Submission deadline: November 1st, 2019
Guest Editors: Bertram Gawronski, Jan De Houwer, Jeffrey Sherman
The year 2020 will mark the 25th anniversary of two seminal publications that have set the foundation for an exponentially growing body of research using implicit measures: Fazio, Jackson, Dunton, and Williams’ (1995) work using evaluative priming to measure racial attitudes, and Greenwald and Banaji’s (1995) review of implicit social cognition research that served as the basis for the development of the Implicit Association Test. Today, implicit measures have achieved wide visibility and use both inside and outside of the academy. They are used in many practical applications and research with implicit measures is frequently cited in the popular press.
However, despite the widespread popularity of implicit measures, controversies remain about various theoretical, methodological, and empirical questions and the contribution of implicit measures to solving real-world problems. Given the historical milestone and the continued growth in use across academic and applied settings, it is a good time for taking stock of the current state of the field and an in-depth analysis of what we have learned from implicit measures, what we haven’t learned, what we still need to learn, where implicit measures have succeeded, where they have failed, and what conclusions we can draw from the available evidence. The purpose of this special issue is to provide a platform for broad discussions of research using implicit measures with the goal of offering guidance for future research and applications.
This call for submissions seeks theoretical commentaries on research using implicit measures. Primarily, we seek non-empirical papers, focusing on theoretical, methodological, empirical, and applied issues. Empirical data may be used to support arguments, but the special issue will not include articles presenting novel empirical research using implicit measures. There is a 5000 word limit for contributions to the special issue (excluding references).

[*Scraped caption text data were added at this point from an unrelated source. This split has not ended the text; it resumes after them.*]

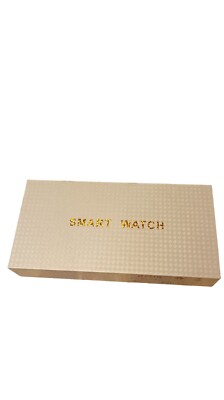 Smart Watch silberfarben 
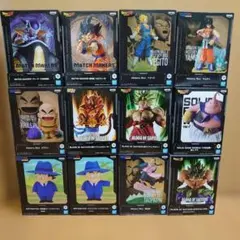 プライズフィギュアまとめ売り ドラゴンボールフィギュア 18体 新品未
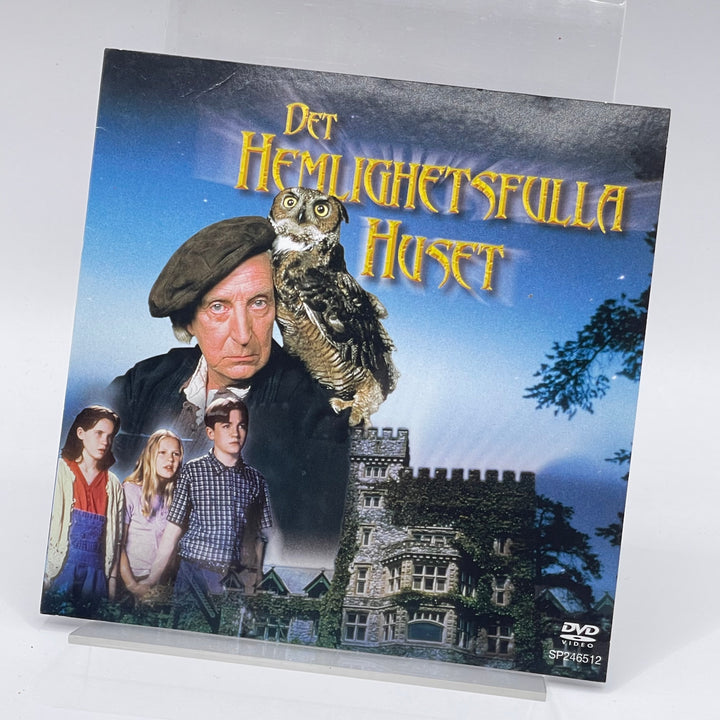 DVD Barnfilm Det Hemlighetsfulla Huset BBC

Manuscripts should be submitted through the Social Cognition submission portal at https://socog.msubmit.net/cgi-bin/main.plex by selecting the relevant special section. The deadline for submissions for the special issue is November 1st, 2019. The guest editors will prescreen all manuscripts for their suitability for the special issue prior to a formal review process. All submitting authors may be contacted to serve as reviewers for this special issue.